Sunday, April 24, 2005

Bush encounters hurdles on energy agenda

USA TODAY

Bush encounters hurdles on energy agenda

WASHINGTON (AP) — Running for president five years ago, George W. Bush pledged to jawbone energy-exporting nations to keep oil prices low and to win passage of legislation to spur more domestic energy production.

Delivering on either count has proved difficult for the Texas oilman.

Soaring oil and gasoline prices are beginning to take a toll on U.S. economic growth and on Bush's approval ratings. To get his long-stalled energy agenda passed, the president is putting more of his political prestige on the line. (Related news: Dems: Energy bill would raise gas prices)

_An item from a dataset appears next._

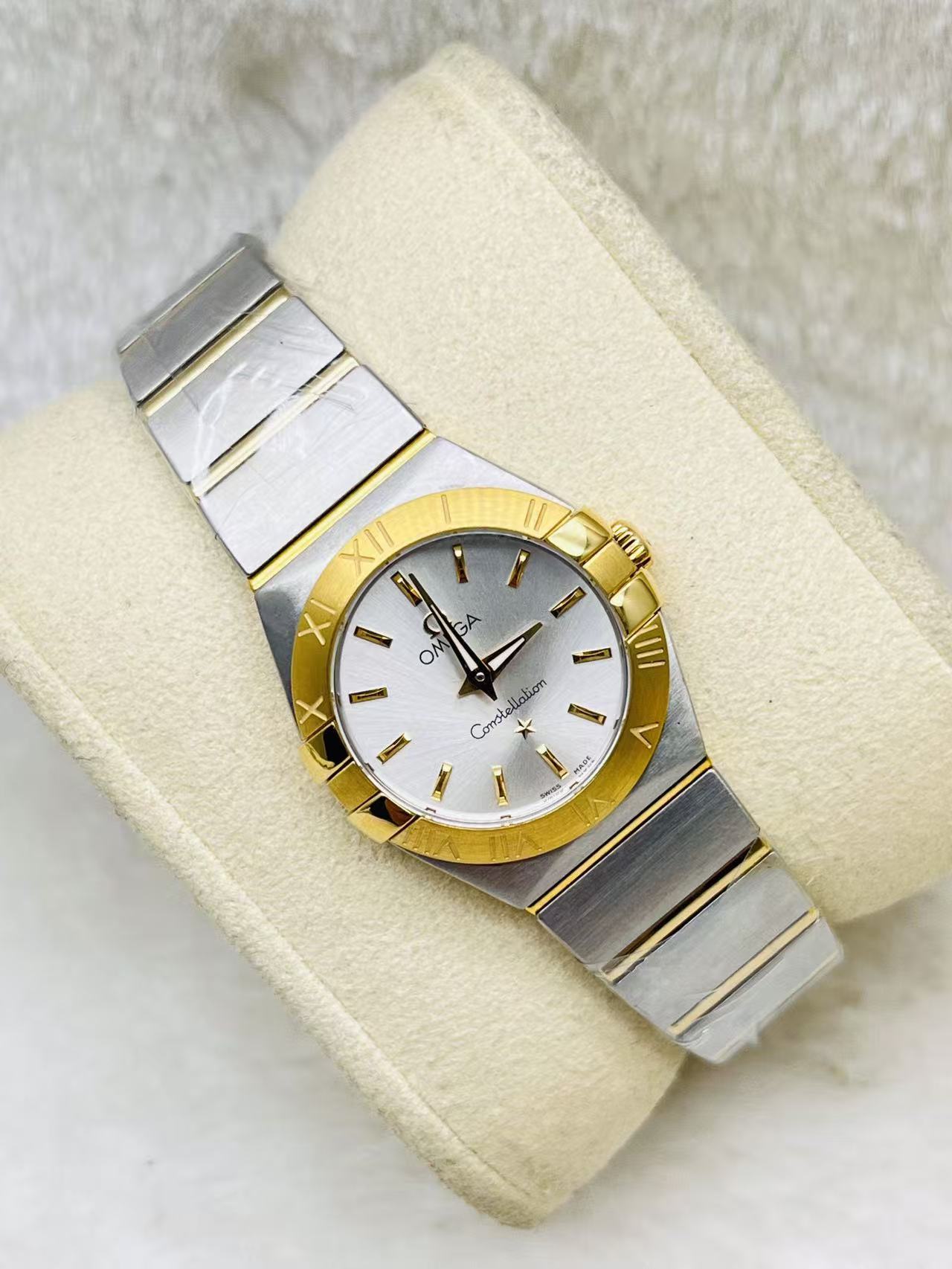 Omega 123.20.24.60.02.002 detail 1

The House voted 249-183 last week for White House-backed legislation that would give tax cuts and subsidies to energy companies and open a wildlife refuge in Alaska to oil exploration.

At a meeting Monday at his Texas ranch, Bush is promising to press Saudi Arabia's de facto ruler, Crown Prince Abdullah, to do more to help ease global oil prices.

Still, the president acknowledges that there is little that he or Congress can do to quickly lower gasoline prices, which have climbed past $2.20 a gallon nationwide.

Critics also claim that Bush's energy bill does little to promote conservation or alternate energy approaches, and that he has done little of the lobbying of oil-country leaders that he promised during in his first presidential campaign.

Robert Ebel, an energy analyst at the Center for Strategic and International Studies, said nothing that Bush is proposing "is going to have any immediate, or even near-term impact" on prices.

Bush s responding politically to consumer concerns that "gasoline prices are high, we haven't yet entered the summer driving season, and what is the president going to do about it?" Ebel said.

Ebel said increasing world demand for oil, particularly from fast-growing China, and lack of new refineries in the United States will exacerbate the problem for years.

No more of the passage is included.